ESGで問題を起こした企業の株価暴落が頻発し、ESGで高スコアの株が継続的に市場をアウトパフォームするようになったことを受け、投資顧問会社ではESGを専任に分析するアナリストを置くところが増えました。さらに、投資信託でも、ESGを重視することを掲げるファンドが大きな金額を集めるようになりました。

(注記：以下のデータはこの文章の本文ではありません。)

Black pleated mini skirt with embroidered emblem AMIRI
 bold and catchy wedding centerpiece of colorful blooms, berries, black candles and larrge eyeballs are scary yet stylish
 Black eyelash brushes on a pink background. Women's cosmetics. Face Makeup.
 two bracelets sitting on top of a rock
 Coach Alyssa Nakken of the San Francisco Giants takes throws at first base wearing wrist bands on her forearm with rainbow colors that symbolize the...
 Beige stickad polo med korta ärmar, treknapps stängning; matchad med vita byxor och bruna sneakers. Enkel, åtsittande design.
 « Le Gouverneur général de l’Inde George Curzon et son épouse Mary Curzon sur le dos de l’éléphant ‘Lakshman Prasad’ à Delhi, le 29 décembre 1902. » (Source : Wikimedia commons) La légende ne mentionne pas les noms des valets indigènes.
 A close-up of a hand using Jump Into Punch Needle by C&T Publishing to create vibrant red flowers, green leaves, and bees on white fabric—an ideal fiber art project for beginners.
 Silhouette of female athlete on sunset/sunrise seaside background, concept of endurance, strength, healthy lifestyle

ESGでもっとも重要なのは、少し前まではG(ガバナンス)でした。それが、2021年には状況が変わりました。もっとも熱いテーマはE(環境経営)となりました。米国で2021年に環境を重視するバイデン政権が誕生してから、米国も含め世界の主要国が一斉に「脱炭素」目標を掲げるようになりました。石炭など化石燃料を使う企業にペナルティを科し、脱炭素に貢献する企業を優遇する流れが欧米を中心に世界に広がっています。
2021年は株式市場で大きな変化が起こりました。脱炭素に貢献する企業の株価が買われ、化石燃料ビジネスを行う企業の株価が売り込まれるようになりました。その代表が、EV(電気自動車)世界最大手、米テスラでした。環境経営企業として高く評価され、時価総額が一時1兆ドル(約130兆円)を超えました。一方、化石燃料ビジネスを手掛けている企業は、高収益でも低評価でした。
サステナビリティ情報の開示義務付けへ
こうした金融市場の大きな変化を受けて、2022年3月にIASB(国際会計基準審議会)は、サステナビリティ開示基準(案)を公表しました。関係者から意見を収集して、最終基準化に向かう予定です。自社グループによるCO2排出量(スコープ1)、使用電力の発電で出るCO2(スコープ2)など、サステナビリティに関連する幅広いデータの開示が上場企業およびそれに類する大企業に義務づけられる見込みです。
これに歩調を合わせるように、日本の会計基準もサステナビリティ開示を義務付ける方向で検討が始まっています。日本でも世界でも、上場企業およびそれに類する大企業は、決算報告で、財務報告に加え、サステナビリティ情報などの膨大な非財務情報の報告が必要になる見込みです。